Racecraft is a scholarly work, one that is the product of many years of thought and research on the part of its two authors. It’s introduction and conclusion bookend several chapters either previously published in journals or presented at conferences. It makes reference to other scholarly works that many readers may not be familiar with. For this reason, certain subtleties of the authors’ arguments, where those arguments intertwine with, for example, the works of C. Vann Woodward, Emile Durkheim, and W.E.B DuBois, will be lost to some readers in varying degrees. However, the power of Fields’ and Fields’ central thesis is such that it strikes the reader with overwhelming clarity. Scholars and non-academics alike will find themselves forced to re-examine long-held assumptions, some of which they may not have been aware they had.

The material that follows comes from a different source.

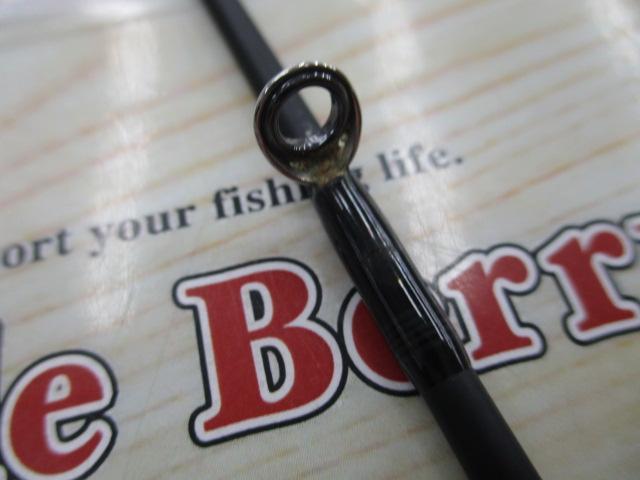 キャタリナBJ 60XXHB・Y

In particular, the chapters “Slavery, Race, and Ideology in the United States of America”, and “Witchcraft and Racecraft: Invisible Ontology in Its Sensible Manifestations”, are accessible and convincing. The former debunks the notion that American slavery evolved as a result of racism. Rather, Fields and Fields posit, slavery was an economic expedient that constituted a glaring contradiction to the ideals of freedom and natural human rights that were touted as the cornerstones of the young nation. The concept of race was gradually created to rationalize the institutionalization of slavery without flouting the beliefs our nation was purportedly based on. This act of racecraft transformed a nation’s grasp for wealth and power at the expense of others into a “natural” subjugation of one set of people by another.
The latter chapter, “Witchcraft and Racecraft”, is the heart of Fields’ and Fields’ argument, and demonstrates the very real reasoning and circular logic that perpetuates the belief in things that do not exist, and thereby perpetuates the behavior of people who believe in the non-existent. Through use of a historical example in the earlier chapter, and a well-conceived analogy in the later, Fields and Fields provide both concrete and abstract evidence for the concept of racecraft and the staunch doublethink required to suspend disbelief.
In the opening and final chapters, written especially for the publication of this book, Field and Fields outline some of the ways in which talking about race hinders us from addressing inequality, for instance, discussing terms such as “racial justice”. What is racial justice, if not justice for all? Where, then, does race enter into the discussion? These bookend chapters provide a very necessary context for the seven chapters they enclose, since they are related only thematically, and not necessarily in subject matter. Even as they are, some of the chapters contain ideas that are relevant without being entirely of a piece with the book as a whole chapter.
But then, Racecraft is not a book that offers any easy solutions. If racism is not, in fact, caused by race, it follows that it can only be caused by something inside us, and only by first looking inward and examining our own misconceptions and motivations can we begin to know what is real. This demanding and intelligent text is a worthwhile start.